WHAT TO WORK ON:
Below are records; the lines starting at the one with "2026 Lexus RX LUXURY" and ending at the one with "Logis Hotel, Chalets" must be reproduced exactly, both included. Pictures must not appear.
---- MATERIAL TO PROCESS
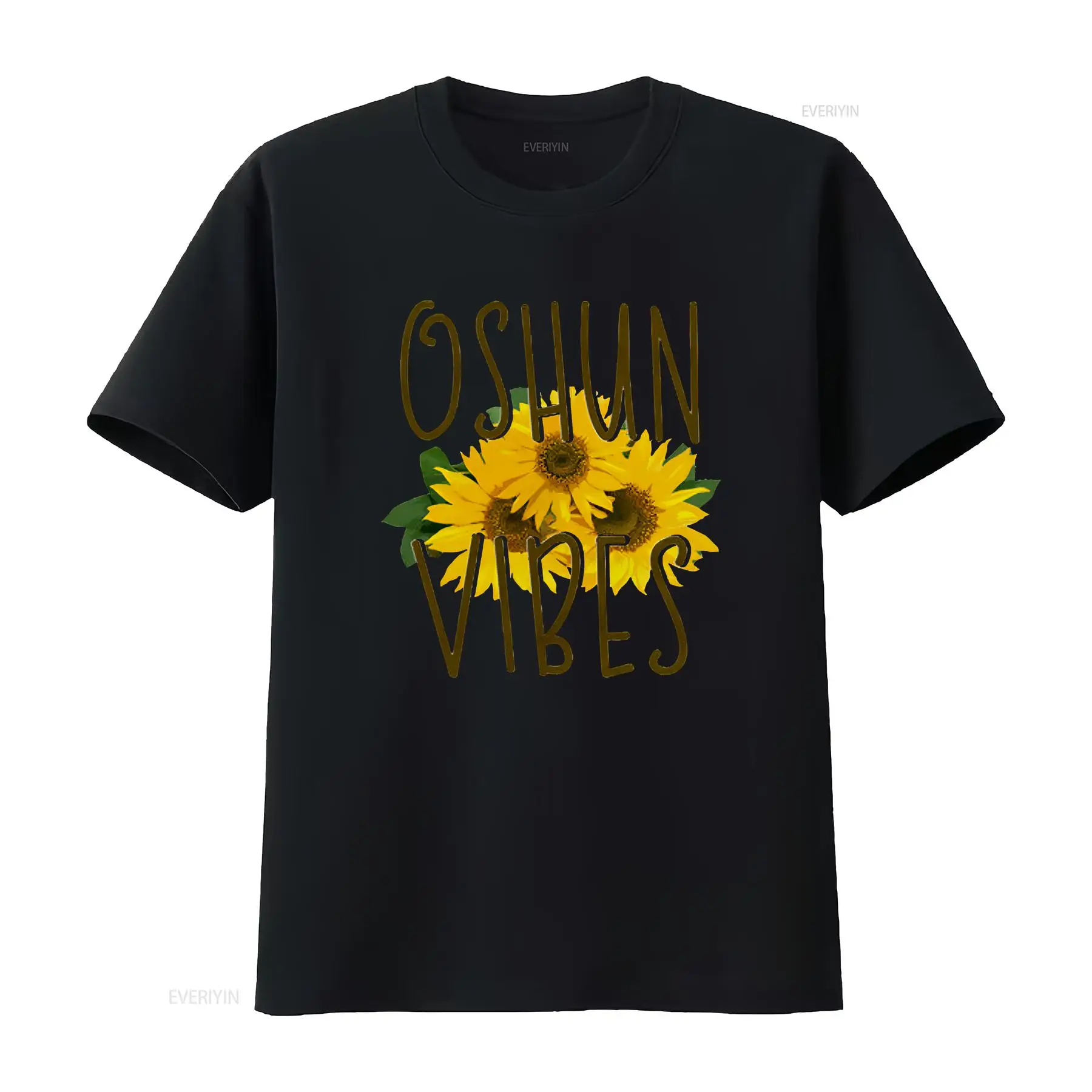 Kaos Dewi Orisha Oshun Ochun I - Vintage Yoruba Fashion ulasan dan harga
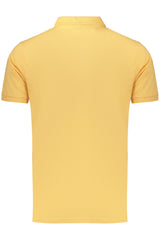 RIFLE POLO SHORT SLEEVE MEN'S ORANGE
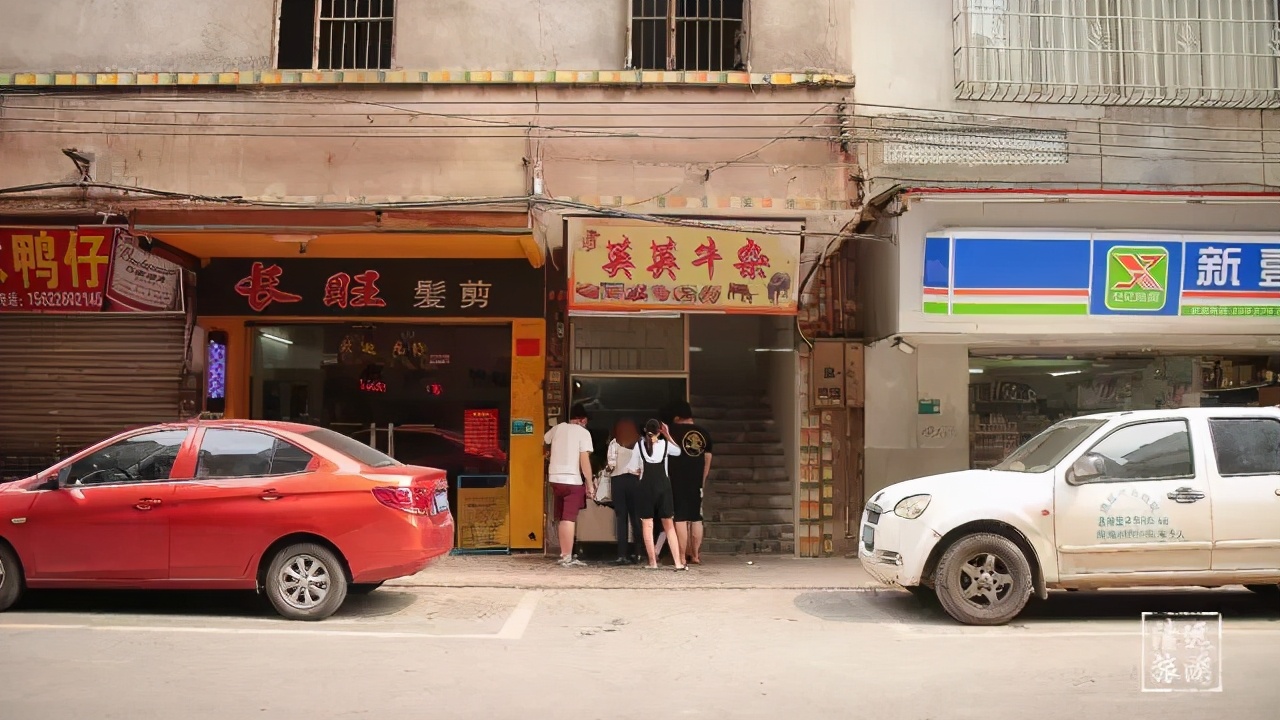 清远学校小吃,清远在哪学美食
--------
---- MATERIAL TO PROCESS
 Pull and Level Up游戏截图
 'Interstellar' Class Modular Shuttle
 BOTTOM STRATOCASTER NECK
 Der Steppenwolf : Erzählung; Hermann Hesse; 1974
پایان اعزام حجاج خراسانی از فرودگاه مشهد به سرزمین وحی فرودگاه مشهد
--------
---- MATERIAL TO PROCESS
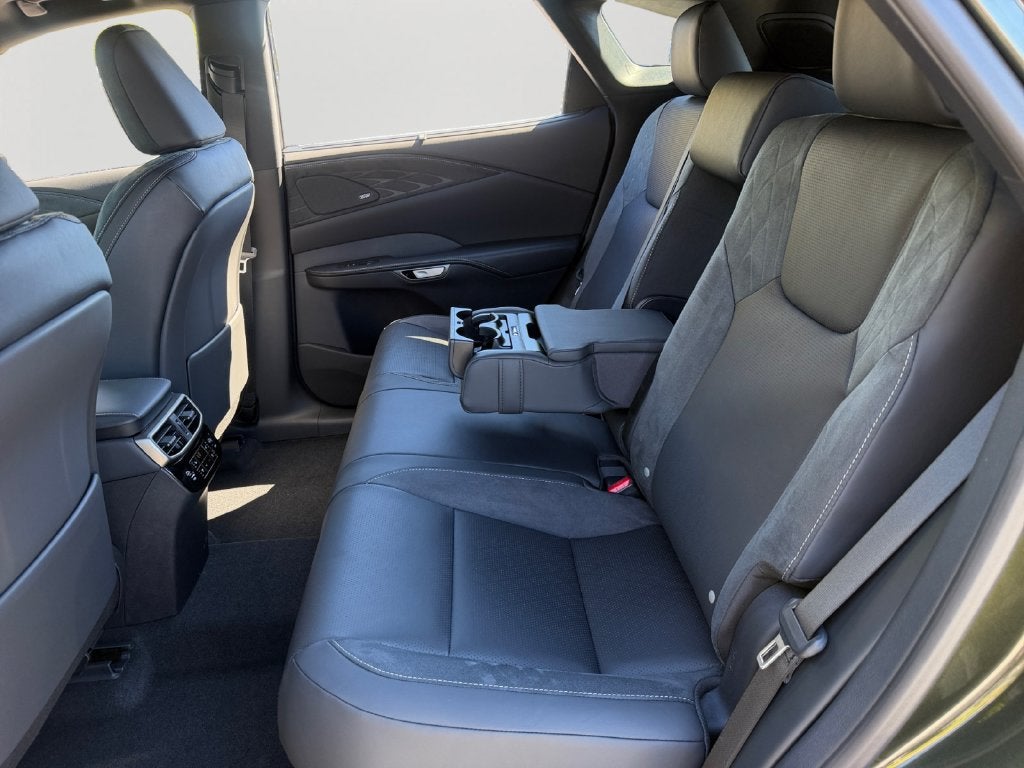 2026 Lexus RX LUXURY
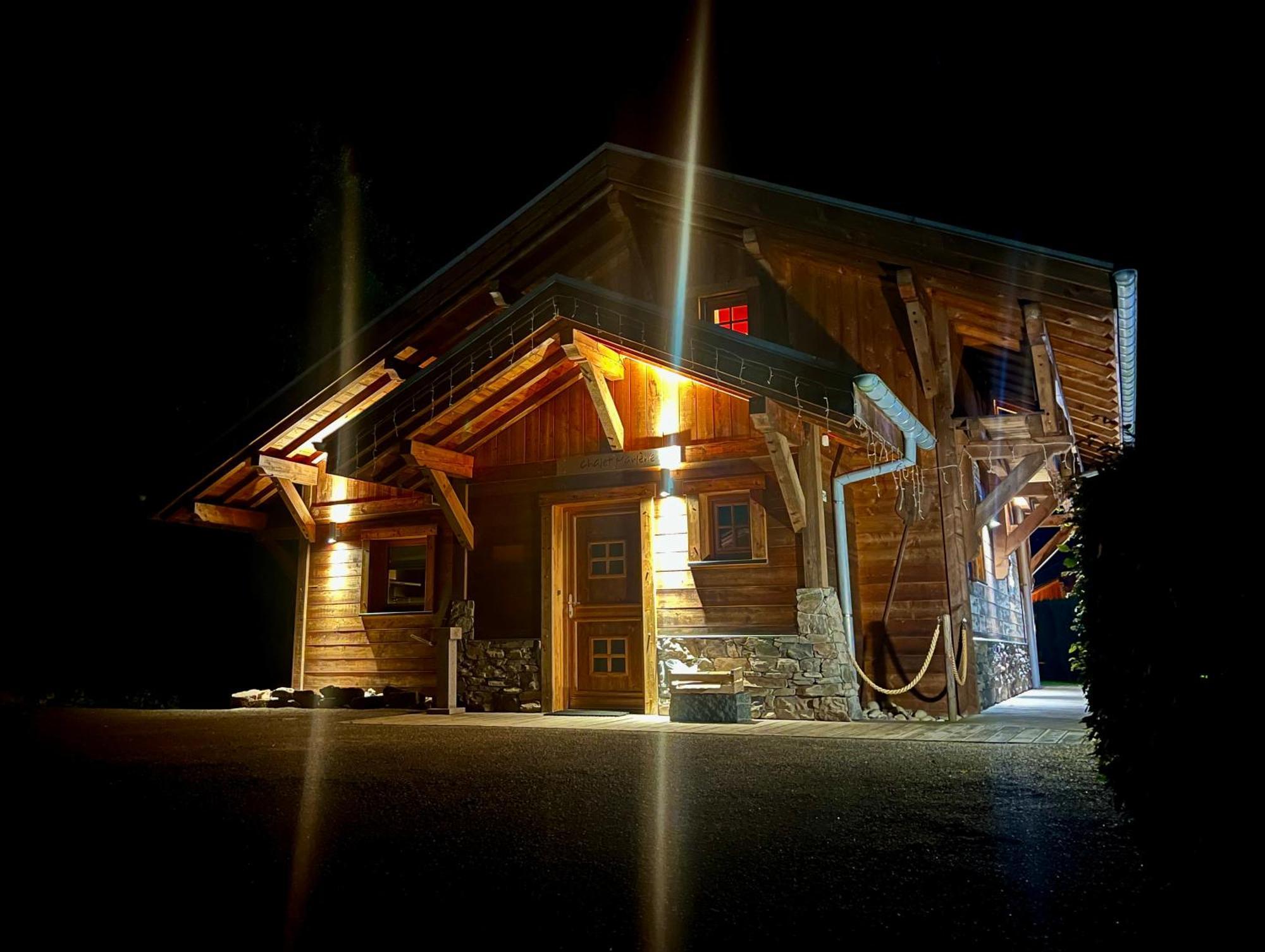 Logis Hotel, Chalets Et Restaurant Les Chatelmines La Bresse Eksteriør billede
--------
ANSWER TO THIS PROBLEM:
 2026 Lexus RX LUXURY
 Logis Hotel, Chalets Et Restaurant Les Chatelmines La Bresse Eksteriør billede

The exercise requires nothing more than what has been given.